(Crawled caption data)
***

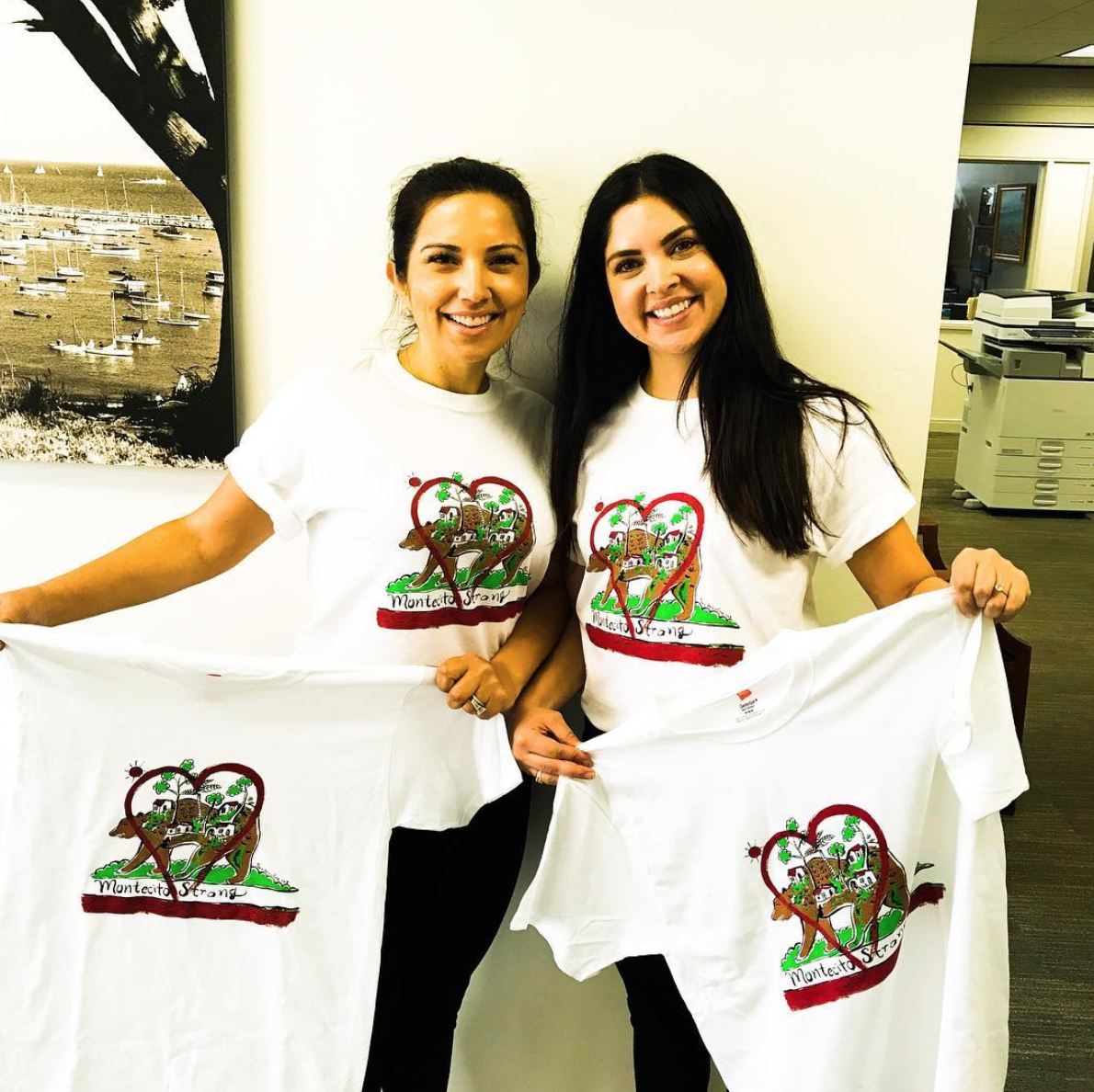 women showcasing "Montecito Strong" tshirts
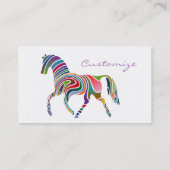 Mooie regenboogkleurpaard Thunder_Cove Visitekaartje (Achterkant)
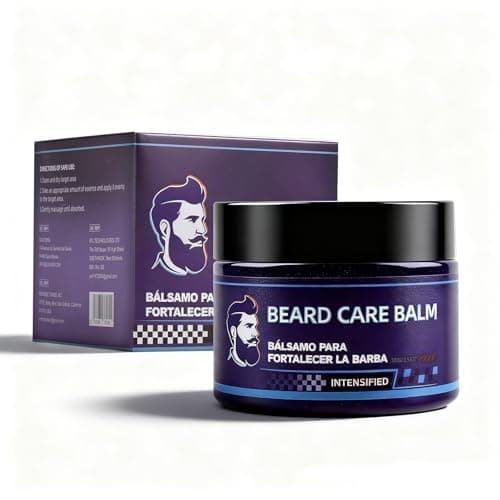 Xaninp Beard Nourishing Balm, A Moisturizing and Strengthening Formula Enriched with Plant Extracts, Making Your Beard Appear Fuller and Thicker - 3.5 oz (100 ml) - Image 1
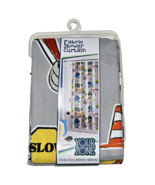 Your Zone Fabric Shower Curtain 72x72in Road Construction Décor Grey - $29.94 CAD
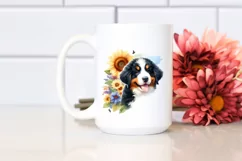 Bernese Mountain Dog from Behind, PNG Product Image 2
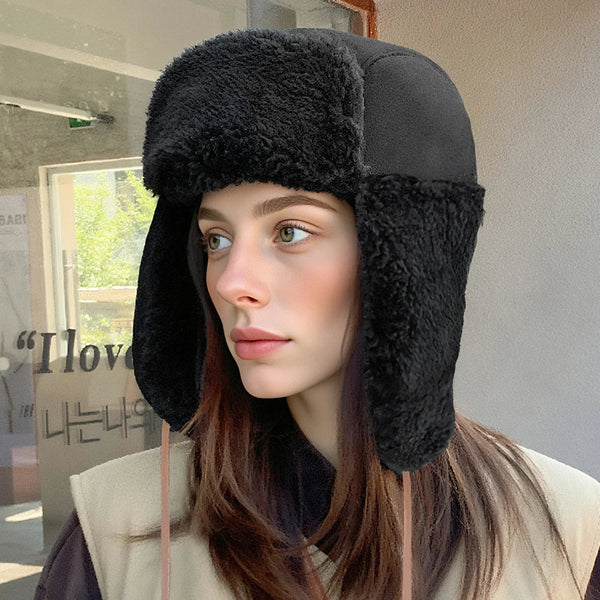 Warme Fleece-Trapper-Mütze Winter-Bombermütze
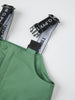 Green Waterproof Kids Shell Dungarees from the Polarn O. Pyret kidswear collection. The best ethical kids outerwear.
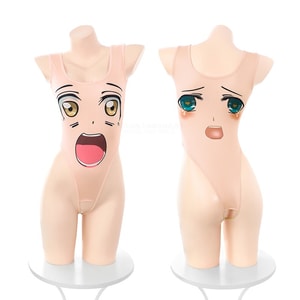 PinklemonLA 귀여운 차원 애니메이션 표현 바디수트 섹시 속옷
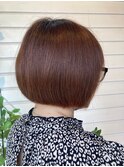 30代40代大人可愛いマッシュボブ＊秋色ショコラブラウン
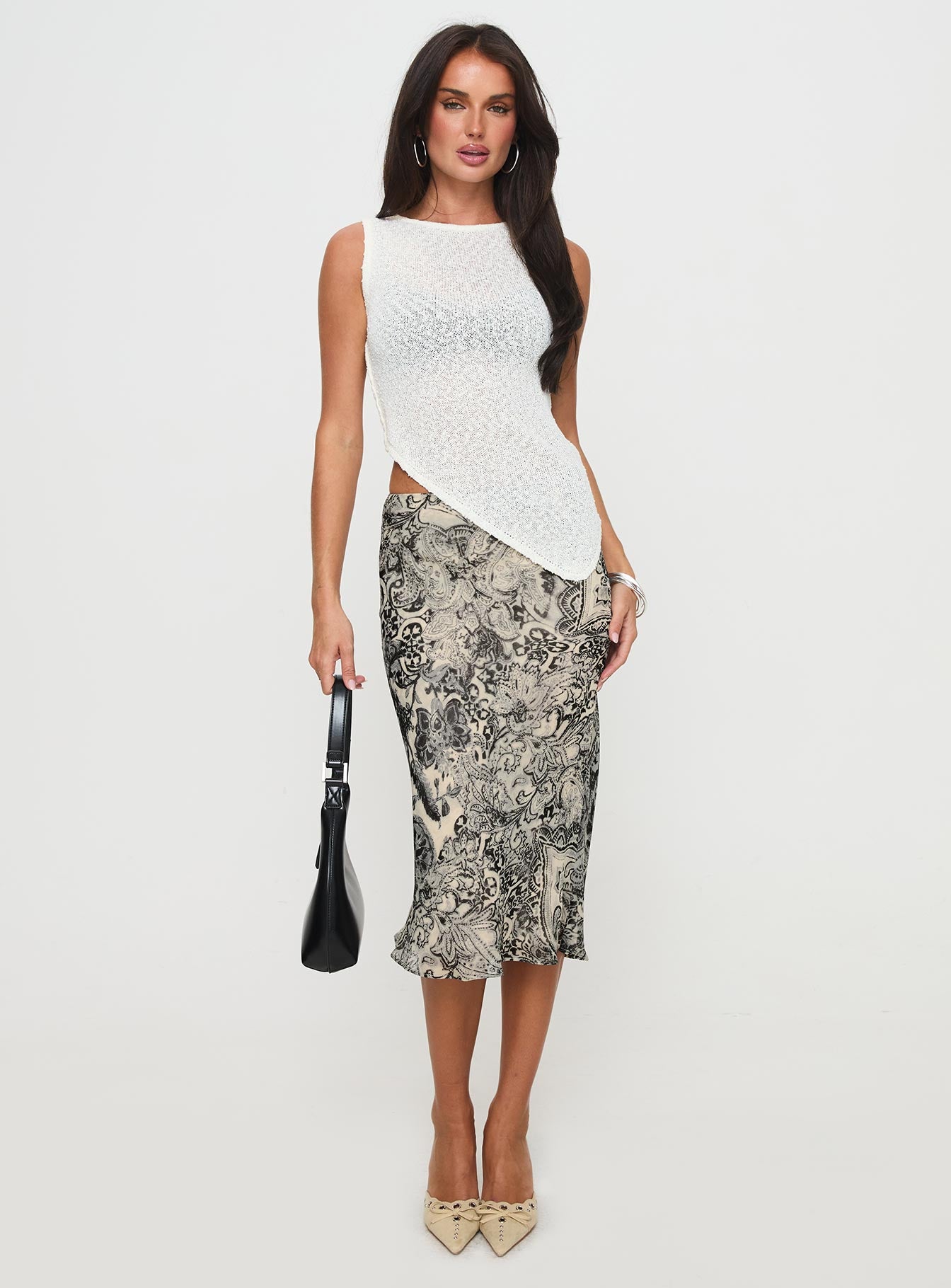 Andromeda Knit Top Ivory - Image 3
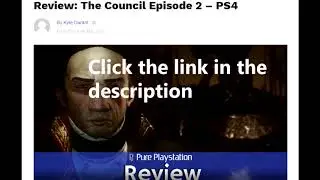 GOODKyle's The Council Episode 2 Review [Article]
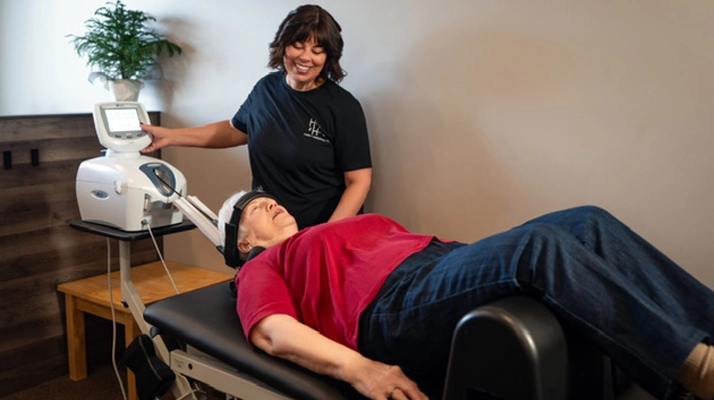 Chiropractic Andover MN Pam With Disc Pain Patient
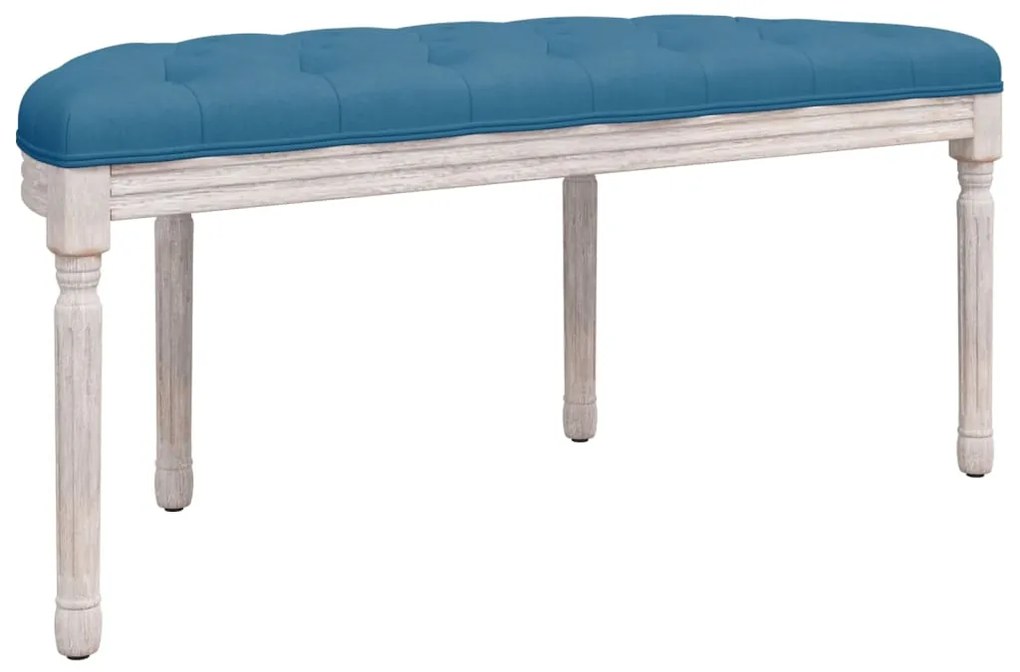 Banco 110,5x45x49 cm veludo azul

***

REQUIRED WORK: In the answer, the entries should be restated verbatim, with all pictures omitted.

ANSWER SECTION:
 women showcasing "Montecito Strong" tshirts
 Mooie regenboogkleurpaard Thunder_Cove Visitekaartje (Achterkant)
 Xaninp Beard Nourishing Balm, A Moisturizing and Strengthening Formula Enriched with Plant Extracts, Making Your Beard Appear Fuller and Thicker - 3.5 oz (100 ml) - Image 1
 Your Zone Fabric Shower Curtain 72x72in Road Construction Décor Grey - $29.94 CAD
 Bernese Mountain Dog from Behind, PNG Product Image 2
 Warme Fleece-Trapper-Mütze Winter-Bombermütze
 Green Waterproof Kids Shell Dungarees from the Polarn O. Pyret kidswear collection. The best ethical kids outerwear.
 PinklemonLA 귀여운 차원 애니메이션 표현 바디수트 섹시 속옷
 30代40代大人可愛いマッシュボブ＊秋色ショコラブラウン
 Andromeda Knit Top Ivory - Image 3
 GOODKyle's The Council Episode 2 Review [Article]
 Chiropractic Andover MN Pam With Disc Pain Patient
 Banco 110,5x45x49 cm veludo azul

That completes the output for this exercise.